#### Task goal
Return the lines of the data below starting at the one holding "Lietuvių mitologija ir tautosaka 13 puslapis" and ending at the one holding "Bir Başlık Ekleyin (5)-304", word for word, leaving every picture out.

#### Source material
=====

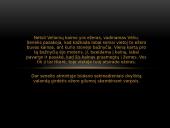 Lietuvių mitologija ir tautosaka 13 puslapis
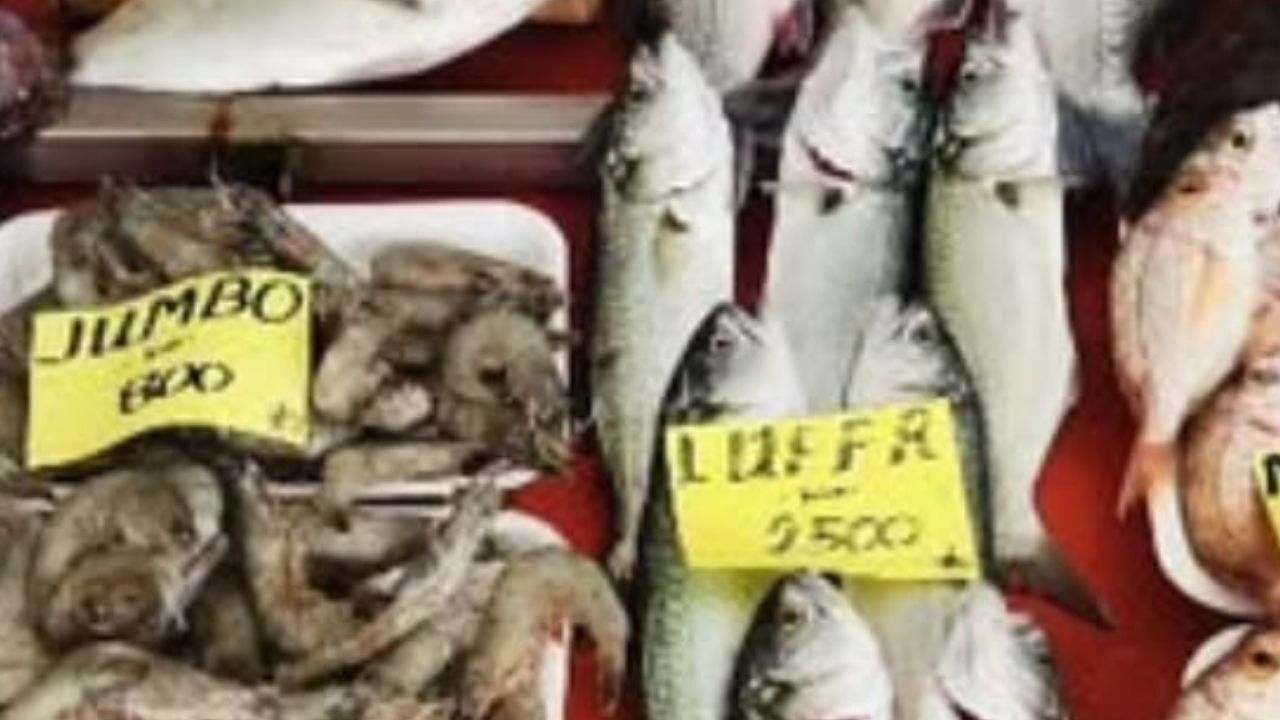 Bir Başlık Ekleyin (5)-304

=====

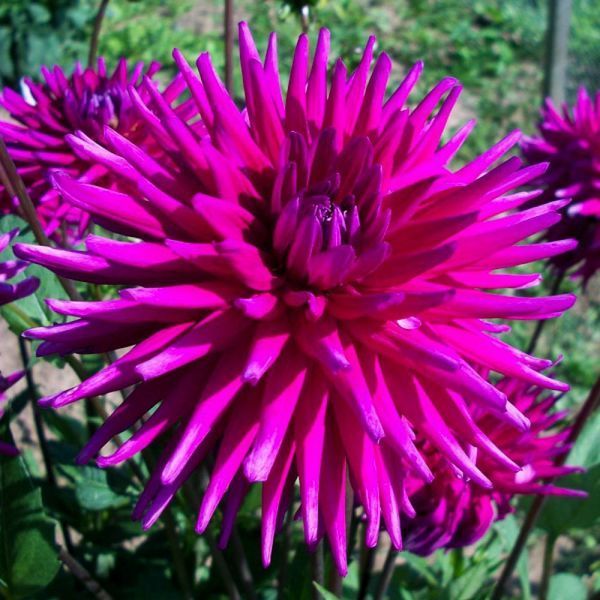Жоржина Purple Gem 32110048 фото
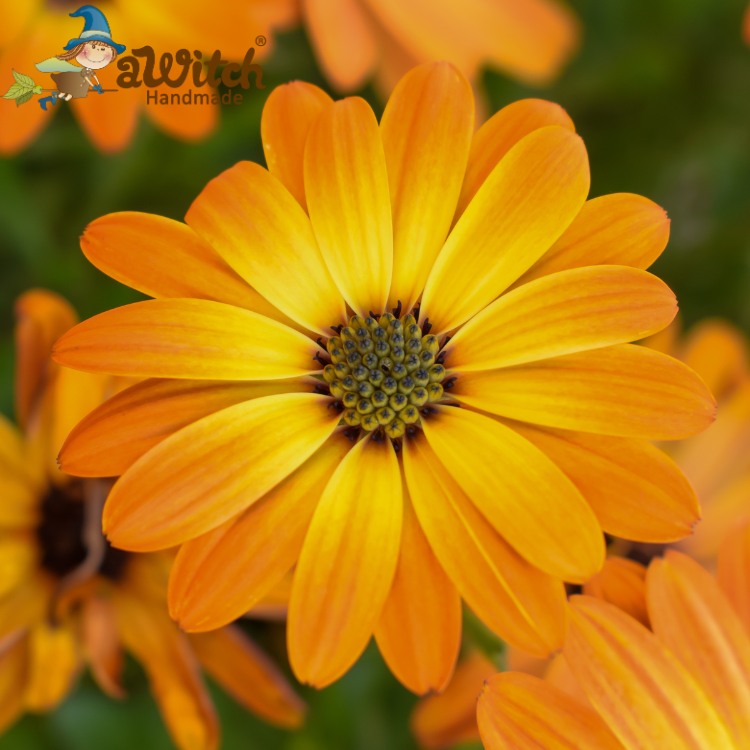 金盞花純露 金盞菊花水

=====

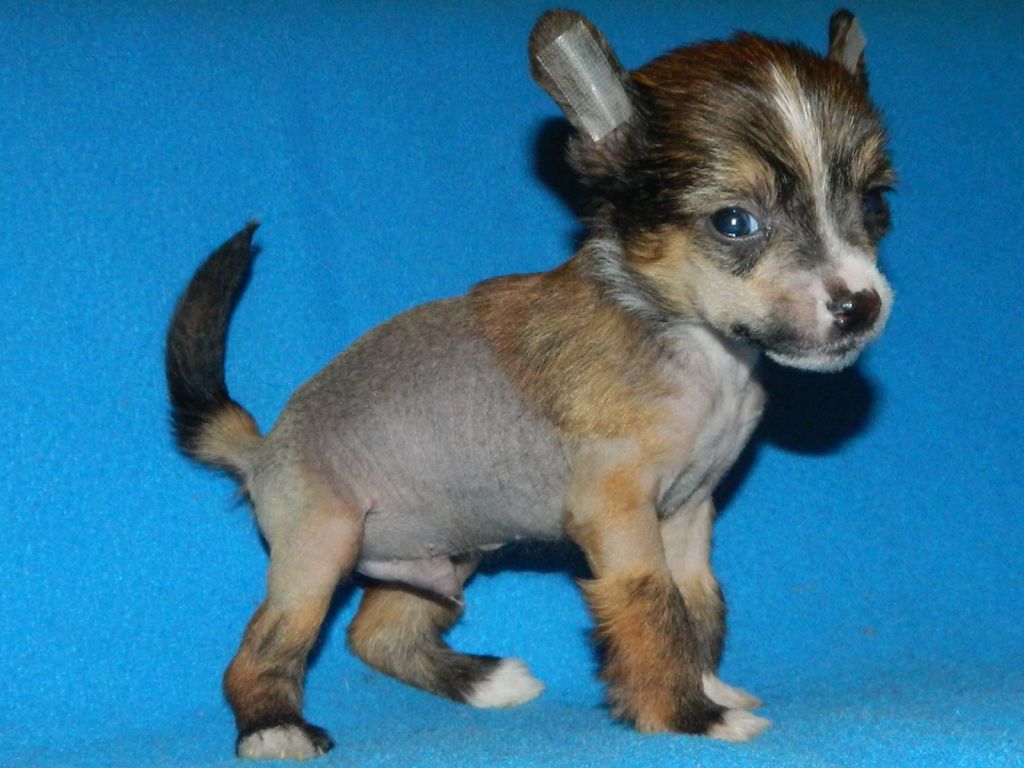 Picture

=====

#### Response
 Lietuvių mitologija ir tautosaka 13 puslapis
 Bir Başlık Ekleyin (5)-304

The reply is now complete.